Page MenuHomePhabricator

Quibble should clone repositories in parallel
Closed, ResolvedPublic

Description

Quibble clones each of the repositories serially. It does so by invoking zuul-cloner which has a very lame foreach implementation for cloning.

Potentially we could use a threadpool or use git submodules and delegate parallelization to it.

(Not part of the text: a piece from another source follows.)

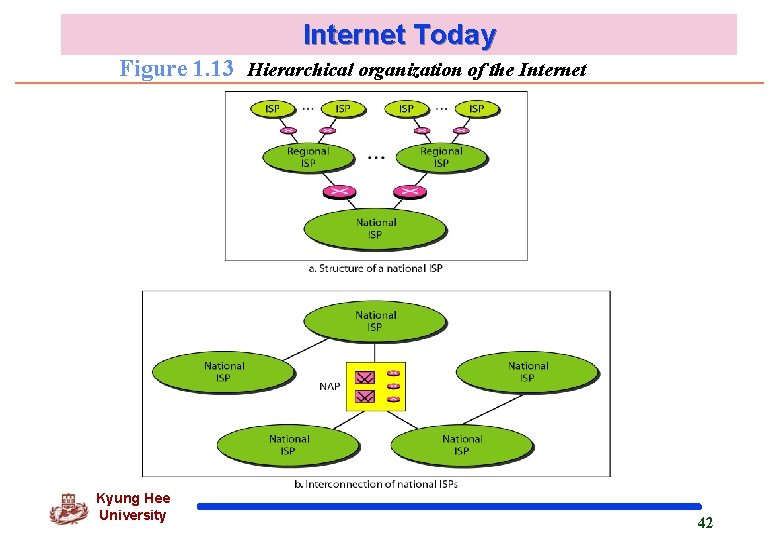 Internet Today Figure 1. 13 Hierarchical organization of the Internet Kyung Hee University 42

GOTCHA: there might be name clash when cloning. Eg if one clones mediawiki/extensions/Foo first, that creates the directory ./extensions and then prevent us from cloning mediawiki/core in it (iirc). So order of cloning does matter.

Related Objects

Event Timeline

hashar created this task.Dec 11 2018, 4:28 PM
Restricted Application added a subscriber: Aklapper. · View Herald TranscriptDec 11 2018, 4:28 PM

Change 493764 had a related patch set uploaded (by Hashar; owner: Hashar):
[integration/quibble@master] Support to clone repositories in parallel

https://gerrit.wikimedia.org/r/493764

hashar moved this task from Backlog to In progress on the Quibble (marble) board.Mar 1 2019, 10:24 PM
greg assigned this task to hashar.Mar 5 2019, 12:39 AM
greg moved this task from Backlog to In-progress on the Release-Engineering-Team (Kanban) board.

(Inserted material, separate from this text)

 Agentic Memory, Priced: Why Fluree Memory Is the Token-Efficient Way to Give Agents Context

Change 493764 merged by jenkins-bot:
[integration/quibble@master] Support to clone repositories in parallel

https://gerrit.wikimedia.org/r/493764

@hashar thanks for adding this feature! Have you considered making the default number of workers 8/16/whatever?

It definitely should defaults to some higher number of workers. Exact value left to be defined.

I have let it default to 1 for now to still rely on the old code:

    if workers == 1:
        return zuul_cloner.execute()
// else slightly reimplemented code with parallelism

So when doing the upgrade on CI, no change is introduced. Then I can later enable it by turning the feature flag --git-parallel. If that works fine, for sure it should definitely has a useful default (8 sounds good) :]

So I am playing it safe :]

So I am playing it safe :]

very sensible :)

hashar added a comment.Apr 2 2019, 9:54 AM

So this is possible since Quibble 0.0.31 (0.0.30 is broken). Still have to update the Jenkins jobs to pass --git-parallel 8.

Change 500689 had a related patch set uploaded (by Hashar; owner: Hashar):
[integration/config@master] Clone repos in parallel in wmf-quibble

https://gerrit.wikimedia.org/r/500689

Change 500689 merged by jenkins-bot:
[integration/config@master] Clone repos in parallel in wmf-quibble

https://gerrit.wikimedia.org/r/500689

I have updated the wmf-quibble jobs for a starter. Will see later at generalizing the parameter to all jobs and probably just make it the default in a future version of Quibble.

Change 501398 had a related patch set uploaded (by Hashar; owner: Hashar):
[integration/config@master] Add --git-parallel=8 to most Quibble jobs

https://gerrit.wikimedia.org/r/501398

hashar added a comment.Apr 4 2019, 8:12 PM

Left to do I guess is to have the command default to 8 worker threads which should be fine?! Maybe.

Change 501398 merged by jenkins-bot:
[integration/config@master] Add --git-parallel=8 to most Quibble jobs

https://gerrit.wikimedia.org/r/501398

Seems it is working fine, will make it the default in a future Quibble version.

Change 503003 had a related patch set uploaded (by Hashar; owner: Hashar):
[integration/quibble@master] Default to use 4 git workers

https://gerrit.wikimedia.org/r/503003

hashar closed this task as Resolved.Apr 11 2019, 7:40 PM

I think that is good enough for now. We can add more --git-parallel later on.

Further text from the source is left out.